I’m writing on a rooftop in Stone Town, Tanzania.
It’s been a whirlwind past couple of days. Kirsten, Noah, Chelsea and I bid Kigali a tearful goodbye just over 24 hours ago and now we’re writing from a completely different world.
Stone Town is one of the most interesting and beautiful places I’ve ever been. It’s located on the island of Zanzibar, in the Indian Ocean. The old part of town, where we are staying, is an amazing mix up of cultures. It used to be a popular trading post for slaves and spices and now there is still a heavy Islamic and Arabian influence, but also African, Indian, and Thai.
Many of the buildings are crumbling pieces of history. There are white sand beaches and palm trees. It’s hot and humid and colourful.
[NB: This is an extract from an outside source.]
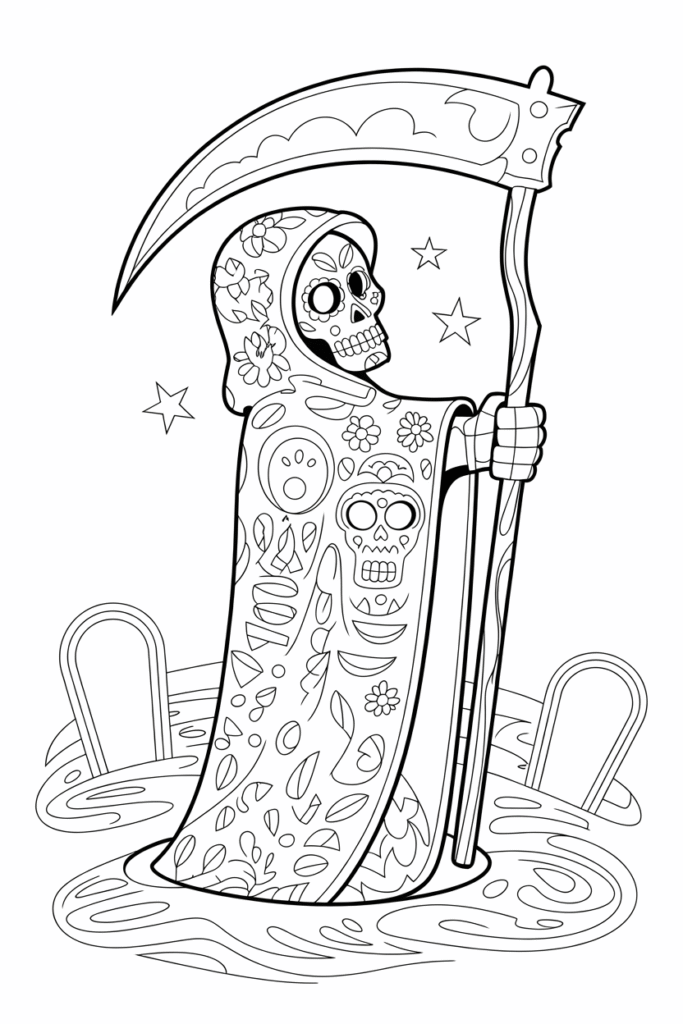 Grim Reaper Coloring Pages: Free, Scary, and Creative Printables 2 grim reaper coloring pages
It was a long journey to get here. We flew out of Kigali at about 5:30 p.m. yesterday, barely making our flight after a mix-up at the airport. By the time we got into Dar es Salaam it was after midnight and dark out. We drove into the city, unsettled by the flat landscape and moisture in the air. Already, we could tell that we were far from Kigali.
We stayed in a two bedroom suite on the tenth floor of a little hotel, enjoying the hot showers and wifi before collapsing into bed. This morning we rose early enough to enjoy some complimentary breakfast. There was delicious chai masala, tasting of India. Another sign of how, only one country over from Kigali, life is different here.
We left the hotel and headed for the ferry terminal, feeling funny walking amidst the tall buildings and towards the ocean. The ferry terminal was buzzing with activity: women in brightly coloured headscarves and men swarming us, trying to sell tickets. Noah was designated as the ticket purchaser, and he disappeared into a small office to take care of everything while us girls waited outside.
From there, we were escorted through security by two friendly men who grabbed our bags and kept repeating “haukuna matata.” We pushed our way through the crowd and security. On the boat, we were escorted to the top floor and took a seat at the very back of the boat.
While we waited to leave the breeze was pleasant, but once we slipped out of the port, the boat turned around and the front part of the ship blocked the wind. The temperature shot up. About an hour into the trip, I felt nauseous. Noah, being the gentleman he is, went in search of water.
I curled into a ball on the floor and closed my eyes and took deep breaths. I thought of how unspeakably miserable it would have been to make the same journey as a slave, on their way to be sold in the Arabic slave trade, and counted my blessings that my own discomfort was mild and temporary.
I woke up to Noah and Kirsten’s excited voices as we began to pull into port. From the boat we could see dozens of smaller wooden fishing vessels, a white sand beach, palm trees, and pastel buildings topped with minarets.
We disembarked and wandered, trying to find our hostel. Eventually, a man led us there, insisting that he just wanted to guide us for free and welcome us to the island. The Princess Salme hostel is in a pretty pale building. We have a small, clean room with two sets of bunk beds. There are only two other people staying here.
After working out payments with the front desk, we wandered down the main strip of road, just as the sun began to lower in the sky. The seawall was alive with people on their evening strolls and young boys running, jumping off the stone walls and flipping into the ocean. Vendors were beginning to set up their stalls in the Forodhani Gardens, where there is a nightly food market. We browsed the tables, laden with skewers of octopus tentacles and prawns, and decided to come back for dinner there tomorrow.
Tonight, we had dinner at Mercury’s, a restaurant named after Zanzibar-native Freddy Mercury. I had an amazing seafood coconut curry and virgin pina colada. All of us agreed that this is one of the most amazing places we’ve ever been, but that we also missed our Kigali family.
After dinner we walked back to the seawall and sat at an outdoor table and shared a packet of shisha. We talked about life and travel through the haze of apple flavoured smoke. Kirsten and Chelsea sipped on sugar cane juice flavoured with lemon and ginger. Families, young people, tourists, and locals poured down the boardwalk, nibbling on treats from the night market.
Now we’re back at the hostel, relaxing before bedtime. Tomorrow our plan is to wander the town in the daylight and on Tuesday we’ll head to the beach. It still feels unreal that we’re here. I’ve never been any place like this, and I’m feeling the culture shock here much more than I did in Kigali. It’s good though. I’m feeling a sense of wonder at this exotic place, and a curiosity that’s making me excited to get up tomorrow morning and explore further.